Der Countdown läuft. Französische Betreiber, von Orange bis SFR, haben das geplante Ende von 2G in Stein gemeißelt, einer Technologie, die dennoch das Mobilfunkzeitalter definierte. Ende März 2026 veröffentlichte Arcep (die Regulierungsbehörde für elektronische Kommunikation) ihren Rechner: 4,5 Millionen Karten sind immer noch in diesen alternden Netzwerken gefangen. Dieses Aussterben ist durch eine dreifache Notwendigkeit bedingt: Stärkung der Sicherheit, Optimierung der Energieeffizienz durch Freigabe von Frequenzen und Beendigung der Wartungskosten, die für veraltete Infrastrukturen exorbitant geworden sind.

Warum ist dieses Aussterben alter Netzwerke unausweichlich?

Die Aufrechterhaltung dieser Infrastrukturen der Vergangenheit ist wirtschaftlicher und sicherheitstechnischer Unsinn. 4G- und 5G-Verschlüsselungsprotokolle sind Lichtjahre von der Anfälligkeit von 2G/3G-Netzwerken entferntdie ein schwaches Glied in der aktuellen Kommunikationsarchitektur darstellen. Es ist eine offene Tür für Cyber-Bedrohungen, die Betreiber schließen wollen.

Über die Sicherheit hinaus gibt es eine Logik der reinen Leistung. Die Freigabe der von diesen alten Netzen genutzten Frequenzen ermöglicht eine mechanische Verbesserung der Abdeckung und Dienstqualität der 4G/5G-Technologie. für alle Benutzer. Dies ist eine Rationalisierung der Ressourcen, die unabdingbar geworden ist.

Beschleunigt sich die Migration schnell genug?

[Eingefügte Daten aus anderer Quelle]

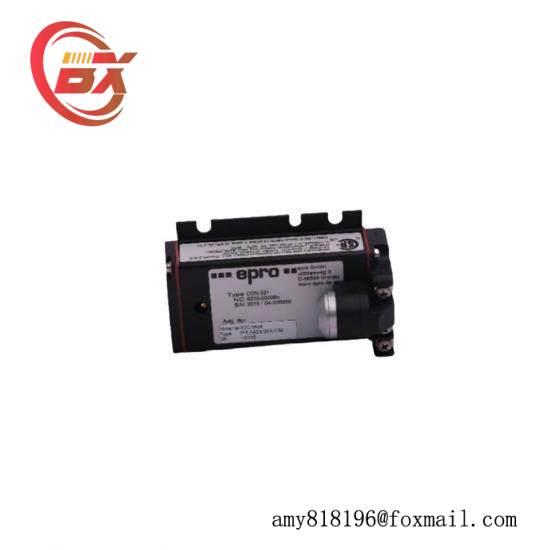 Emerson Epro 940809350121 Pr9350/12 Sensor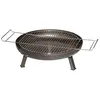 Image de Buschbeck - Grille brasero 60 à 80 cm - Acier 1,5mn
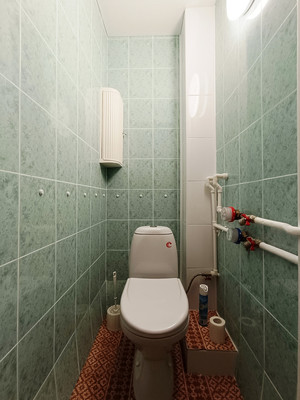 Продам трехкомнатную (3-комн.) квартиру, Кудряшова ул, 106, Иваново г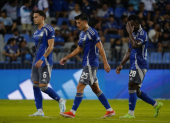 Emelec no está en los mejores momentos y ocupan las posiciones bajas de la LigaPro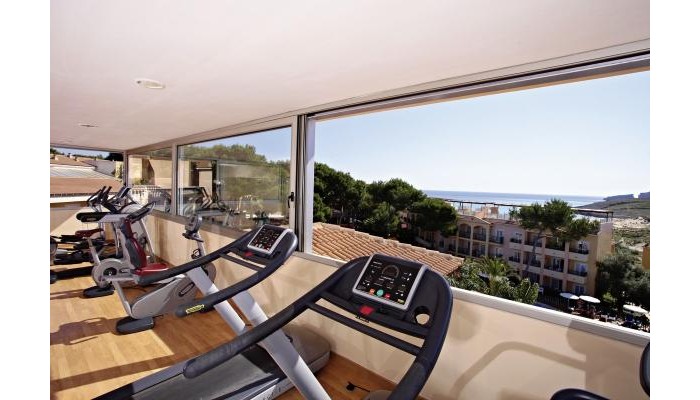 Hotel Zafiro Cala Mesquida poza 30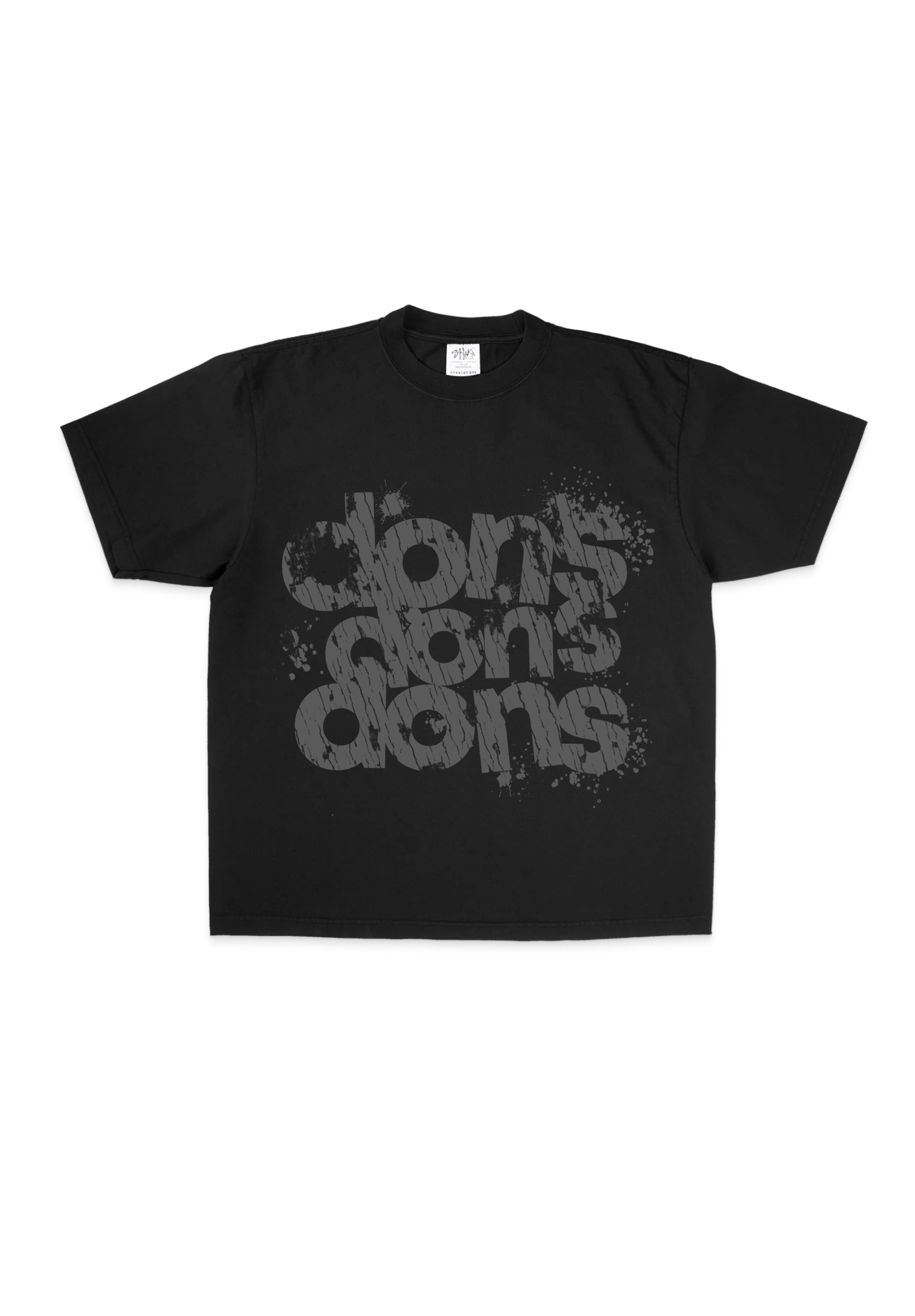 A) GRAFFITI TEE
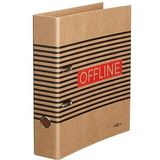 PAGNA Motivordner Offline 7,5 cm DIN A4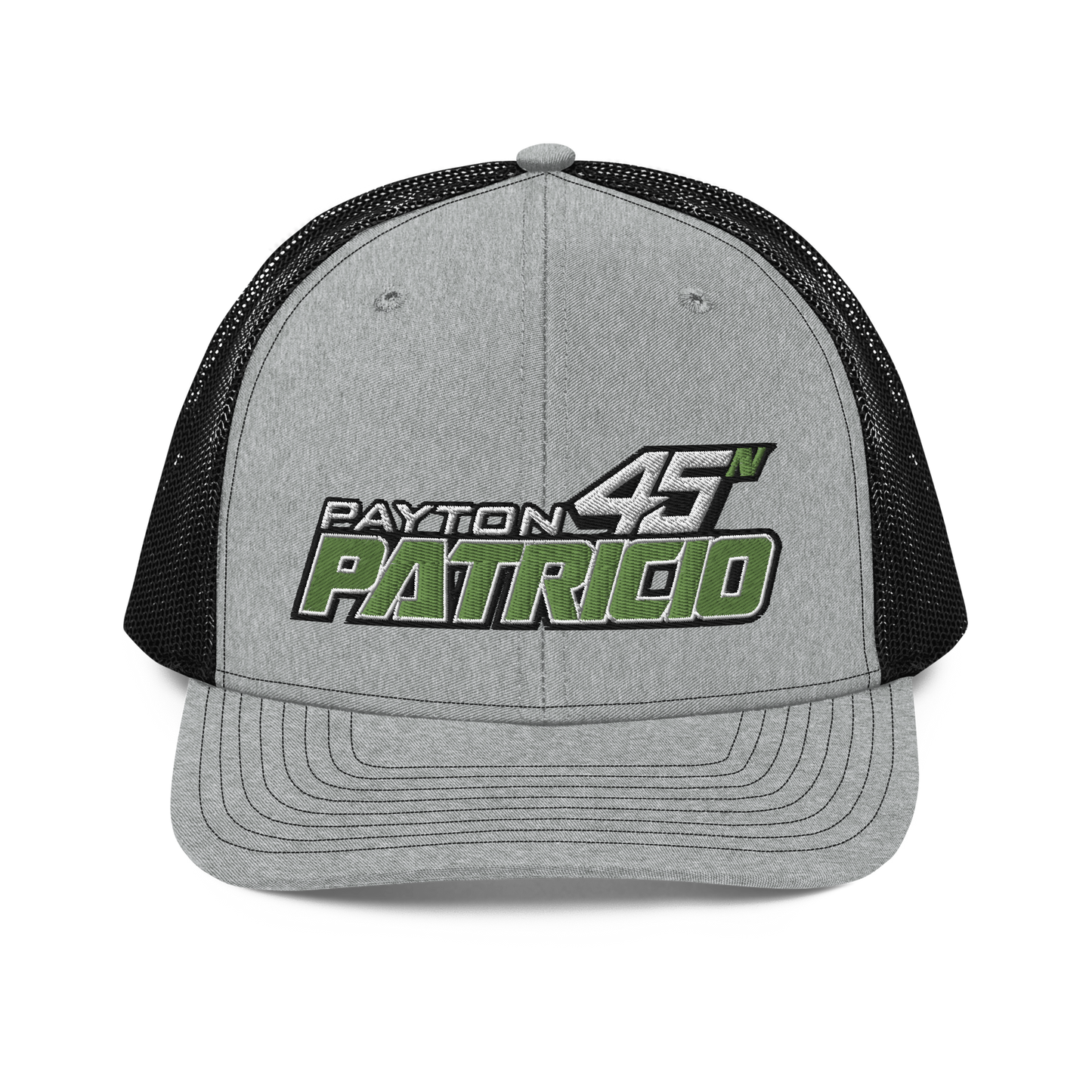 Payton Patricio Snapback Hat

Die Zahlen zeigen Bewusstsein. Im ersten Quartal 2026 wurden 688.000 SIM-Karten verkauft Schalter, eine deutliche Beschleunigung gegenüber 394.000 im Vorquartal. Das ist gut. Aber es ist bei weitem nicht genug. Von den restlichen 4,5 Millionen 2 Millionen Es handelt sich um reine 2G-Terminals, deren Austausch am kritischsten ist. Der Rückgang ist insbesondere im Machine-to-Machine-Segment (MtoM) sichtbar, das um 21,5 % zurückging, aber das Gesamtvolumen bleibt angesichts der bevorstehenden Frist enorm.

SIM-Karten

Was bereitet diesem Übergang wirklich Kopfzerbrechen?

Das eigentliche Problem ist nicht das Telefon Ihrer Großmutter. Der eigentliche blinde Fleck ist die riesige Flotte vernetzter Objekte industriell. Denken Sie an Sicherheitsalarme, Fernassistenzsysteme für ältere Menschen, Gebäude-Gegensprechanlagen oder sogar Fernalarme für Aufzüge. Diese Ausrüstung, die oft für eine Lebensdauer von mehr als fünfzehn Jahren installiert wird, arbeitet im Hintergrund und wird in den technischen Inventaren vergessen.

Ihre Migration ist ein logistischer Albtraum. Es geht nicht nur darum, einen Chip zu wechseln. Es ist notwendig, ganze Flotten zu prüfen, die Kompatibilität von Wartungsverträgen zu prüfen, regulatorische Auflagen zu erfüllen und manchmal ganze Geräte auszutauschen. Für Unternehmen, Gemeinden und Immobilienverwalter ist das Risiko ebenso organisatorischer Natur als technisch, eine technologische Schuld, die plötzlich erlischt.

Häufig gestellte Fragen (FAQ)

Was sind die Aussterbetermine für 2G und 3G in Frankreich?

Die Fahrpläne variieren je nach Betreiber. Orange plant, 2G Ende 2025 und 3G Ende 2028 abzuschalten. Bouygues Telecom und SFR planen, 2G Ende 2026 und 3G Ende 2028 abzuschalten. Free Mobile, das über kein eigenes 2G-Netz verfügt, ist von seinem Aussterben nicht direkt betroffen.

Welche Geräte sind von dieser Abschaltung am stärksten betroffen?

Abgesehen von sehr alten Mobiltelefonen sind die Geräte des M2M-Marktes (Machine-to-Machine) am stärksten gefährdet: Alarmsysteme, Zahlungsterminals, Fernalarme für Aufzüge, Fernwartungsboxen und bestimmte intelligente Zähler, die für die Kommunikation immer noch auf diese Technologien angewiesen sind.